En succédant à sa sœur, la Linguère hérite d’une situation géopolitique complexe. En effet, sur la rive droite du Fleuve Sénégal se présentaient les Maures qui semaient la terreur afin d’alimenter en esclaves le commerce arabo-maghrébins ; tandis que sur la rive gauche, esclavagistes et colonisateurs français sont installés depuis le 17ème siècle dans leurs comptoirs de Saint-Louis. Par ailleurs, rappelons que ces derniers souhaitaient neutraliser les royautés africaines, frein à leur expansion et pillage.

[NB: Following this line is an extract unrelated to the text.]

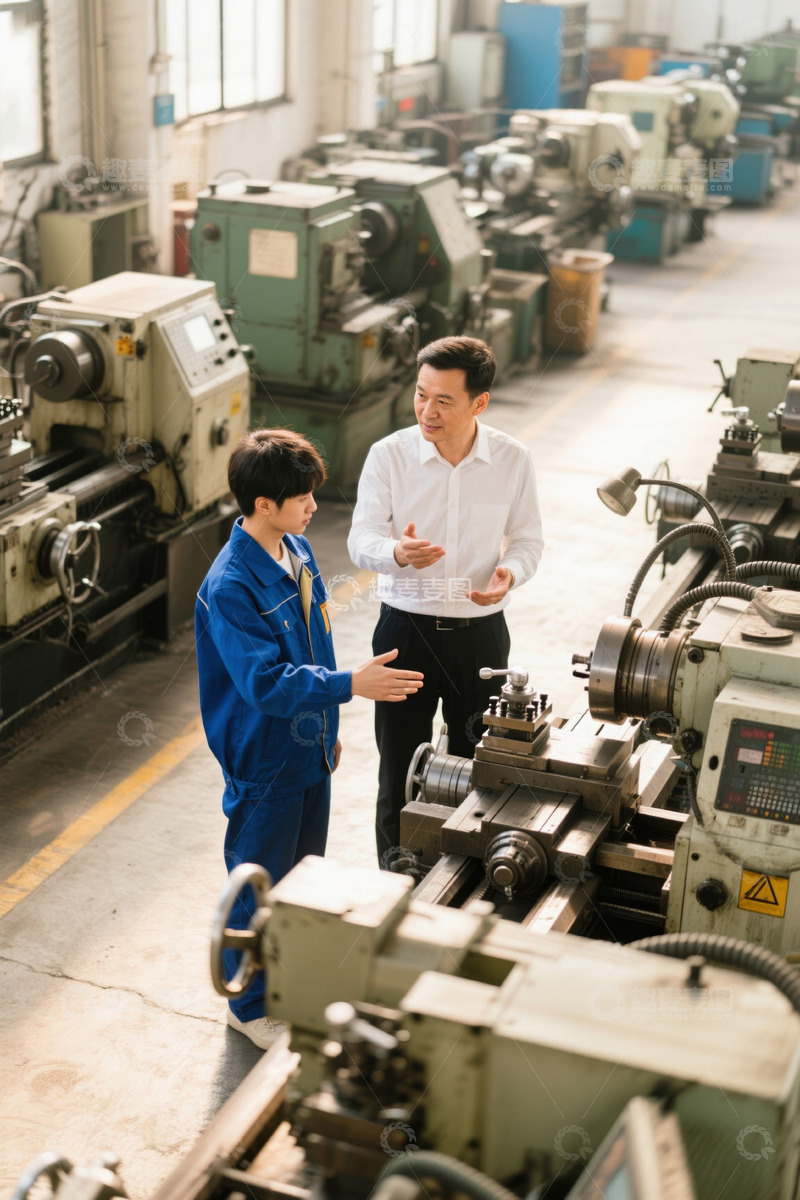 高清大图下载【趣麦麦图】工厂车间师傅指导年轻工人操作机器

Figure de résistance contre le colonialisme
Se considérant comme unique souveraine du Royaume du Waalo, elle décide dès 1847 de défier les autorités françaises en réclamant le libre passage des troupeaux conduits par les Soninkés, vers la ville de Saint-Louis. Rapidement, la Linguère devient l’interlocutrice principale des Français au sein des royaumes wolofs. En effet, alors qu’à la norme les accords entre les français et le peuple wolof étaient exclusivement signés par les Bracks, la signature de la Linguère y fait figure dès son intronisation. Progressivement, les français vont ignorer les autres dignitaires du Royaume tant la personnalité de Ndaté Yalla Mbodj est impressionnante. Par ailleurs, des archives montrent des lettres envoyées au gouverneurs ne portant que la signature de la Linguère. Ainsi, les relations diplomatiques ne passent désormais que par elle. Toutefois, bien que muse des colons, Ndaté Yalla Mbodj reste consciente des réelles motivations des français et fait preuve de méfiance et d’intellect face aux doléances françaises.
Tenant tête aux Français sans relâche, elle pille et interdit le commerce avec les Français en 1950. En 1951 elle écrit à l’Administrateur Faidherbe afin de faire prévaloir ses droits sur les territoires du royaume du Waalo, ces mots devenus maintenant célèbres : « Le but de cette lettre est de vous faire connaître que l’île de Mboyo m’appartient depuis mon grand-père jusqu’à moi. Aujourd’hui, il n’y a personne qui puisse dire que ce pays lui appartient, il est à moi seule ». En réponse, ce dernier décide une expédition militaire en fin 1854. En février 1855, ce sont 15 000 hommes qui débarquent armés de fusils que ne possèdent pas les guerriers du Waalo. Face à cela, Ndaté Yalla Mbodj confesse aux dignitaires wolofs : « Aujourd’hui nous sommes envahis par les conquérants. Notre armée est en déroute. Les tiédos (guerriers) du Waalo, si vaillants guerriers soient-ils, sont presque tous tombés sous les balles de l’ennemi. L’envahisseur est plus fort que nous, je le sais, mais devrions-nous abandonner le Waalo aux mains des étrangers ? »
Rapidement vaincue, Ndaté Yalla Mbodj meurt en 1860 en tant que dernière souveraine du royaume de Waalo. Son fils, Sidya Ndaté Yalla Diop, lui succèdera dans la révolte contre les colons français après quelques péripéties au sein de l’administration coloniale.